Tabular data processing benchmark & Python+Pandas

zhangliye · December 25, 2018, 7:52pm

Benchmark — (Python+Pandas) && (Julia +JuliaDB)

Aim of the benchmark
This benchmark aims to evaluate the Julia code using real-world data from the perspective of a normal user (not expert from computing science ). Hope it could be useful to improve the Language and package.
Data source
Transit network data of New York (Open Data).
Data processing task
Extract the points on the bus routes between every pair of the consequential bus stops.
About the code
Currently, both Python and Julia code are not optimized. In the future, the Julia version will be optimized and all old versions will be recorded for the comparison purpose. The Python code will not be optimized as the benchmark.
Complete source code and Data
(GitHub - zhangliye/juliabenchmark: benchmark for Julia language)

1 Test and Results

The two version of code implement the same algorithm. Firstly, the algorithm is implemented using Python. Then, the Python code is translated to Julia almost line by line.

# It should be noted that both version of the code are not optimized with much effort.

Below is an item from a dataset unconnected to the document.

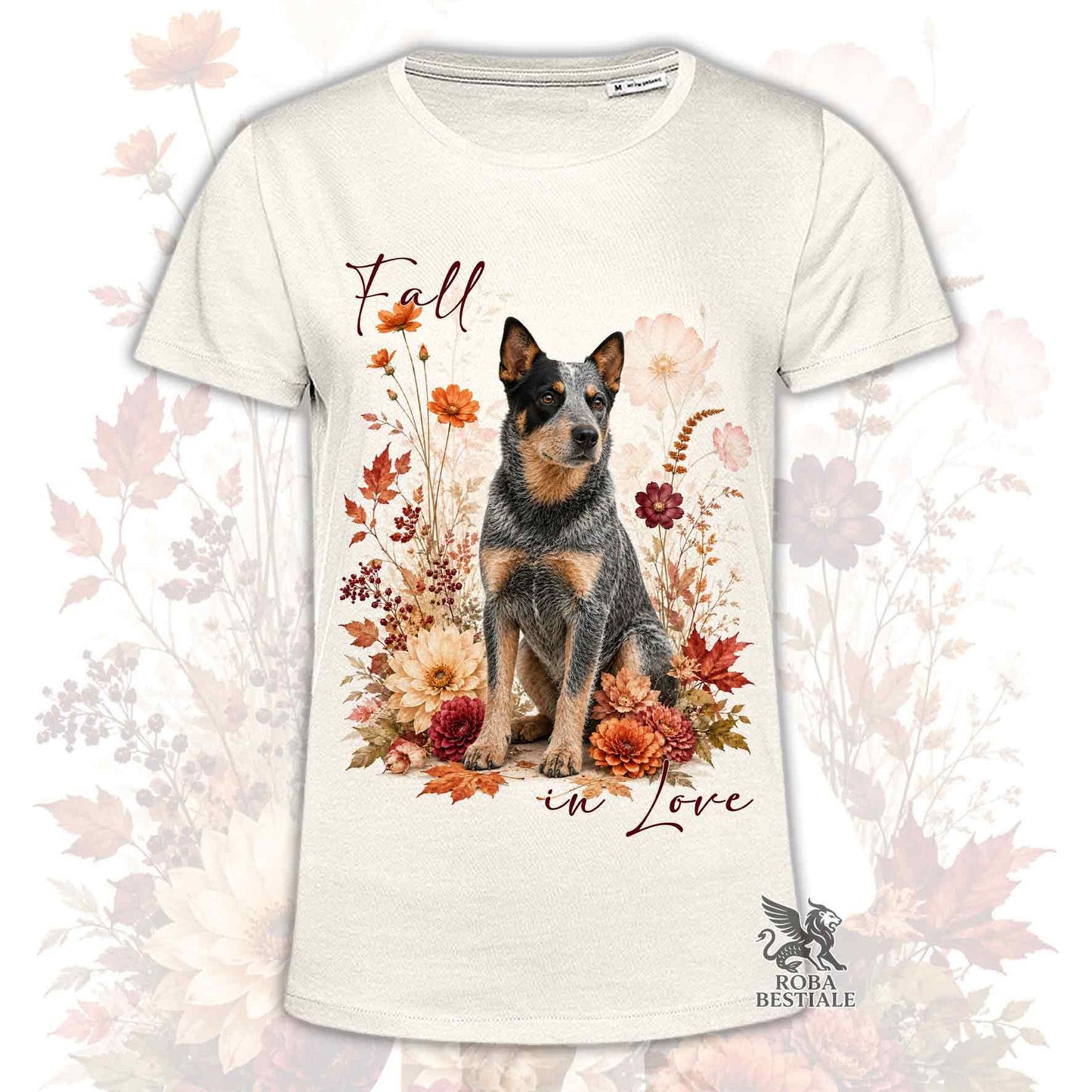 T-shirt beige stampata con un Australian Cattle Dog seduto in mezzo a fiori e foglie autunnali. Grafica originale Roba Bestiale, collezione Fall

The data operation mainly includes

Open the CSV file
Table data operation (iteration, selection)
Operation on Dict, Tuple and Vector data structure

Tabel 1- Data structure and tabular data package used

	Python 3.6.5	Julia 1.02
Package for tabular data	Pandas 0.23	JuliaDB 0.10
List	[x1,x2,…]	Vector{T}()
Dict	{k1:V1, …}	Dict{T1,T2}()
Tuple	(v1,…)	Tuple{T1,T2}()

Performance comparison on processing 500 rows of data.
Table 2 - Julia code of version 1 (second)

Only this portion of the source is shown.